The task
Nothing but the lines from the top of the following entries through the line with "Detail image of" should be printed, exactly as they are.

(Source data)
--- --- ---
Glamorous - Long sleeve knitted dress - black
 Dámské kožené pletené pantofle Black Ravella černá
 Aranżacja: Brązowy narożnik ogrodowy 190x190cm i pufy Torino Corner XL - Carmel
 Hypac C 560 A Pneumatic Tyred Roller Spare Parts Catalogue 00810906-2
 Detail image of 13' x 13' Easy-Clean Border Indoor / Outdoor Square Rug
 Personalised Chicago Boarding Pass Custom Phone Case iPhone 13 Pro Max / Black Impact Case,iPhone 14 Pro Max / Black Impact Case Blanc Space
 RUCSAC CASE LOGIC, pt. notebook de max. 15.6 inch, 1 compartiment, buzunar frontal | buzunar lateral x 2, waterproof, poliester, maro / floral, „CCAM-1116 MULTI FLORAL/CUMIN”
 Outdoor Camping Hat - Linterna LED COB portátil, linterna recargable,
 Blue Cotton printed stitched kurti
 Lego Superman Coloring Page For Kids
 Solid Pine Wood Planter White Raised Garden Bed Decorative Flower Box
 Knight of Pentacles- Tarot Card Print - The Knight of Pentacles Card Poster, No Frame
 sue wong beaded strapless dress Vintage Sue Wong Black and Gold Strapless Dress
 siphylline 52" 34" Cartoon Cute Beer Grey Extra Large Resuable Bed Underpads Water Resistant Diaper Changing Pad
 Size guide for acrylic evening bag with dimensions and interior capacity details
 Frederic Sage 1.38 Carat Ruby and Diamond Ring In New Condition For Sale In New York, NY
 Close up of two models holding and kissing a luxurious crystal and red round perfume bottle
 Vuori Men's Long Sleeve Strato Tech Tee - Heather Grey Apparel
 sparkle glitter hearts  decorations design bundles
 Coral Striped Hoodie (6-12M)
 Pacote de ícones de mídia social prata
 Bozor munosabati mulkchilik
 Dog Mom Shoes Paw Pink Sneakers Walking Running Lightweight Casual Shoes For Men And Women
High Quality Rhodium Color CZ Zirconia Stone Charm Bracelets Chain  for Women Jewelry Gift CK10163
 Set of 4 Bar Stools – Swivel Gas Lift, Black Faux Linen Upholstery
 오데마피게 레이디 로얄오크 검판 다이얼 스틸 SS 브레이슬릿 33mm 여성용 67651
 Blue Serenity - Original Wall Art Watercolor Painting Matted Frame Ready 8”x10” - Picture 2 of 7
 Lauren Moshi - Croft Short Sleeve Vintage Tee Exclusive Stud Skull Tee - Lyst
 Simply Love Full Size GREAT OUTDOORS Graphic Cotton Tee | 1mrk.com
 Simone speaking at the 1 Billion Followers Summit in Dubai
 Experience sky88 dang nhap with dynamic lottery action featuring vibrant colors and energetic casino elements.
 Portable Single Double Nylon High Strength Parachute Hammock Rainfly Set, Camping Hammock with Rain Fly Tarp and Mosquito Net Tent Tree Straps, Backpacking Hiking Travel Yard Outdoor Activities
--- --- ---
Output below
Glamorous - Long sleeve knitted dress - black
 Dámské kožené pletené pantofle Black Ravella černá
 Aranżacja: Brązowy narożnik ogrodowy 190x190cm i pufy Torino Corner XL - Carmel
 Hypac C 560 A Pneumatic Tyred Roller Spare Parts Catalogue 00810906-2
 Detail image of 13' x 13' Easy-Clean Border Indoor / Outdoor Square Rug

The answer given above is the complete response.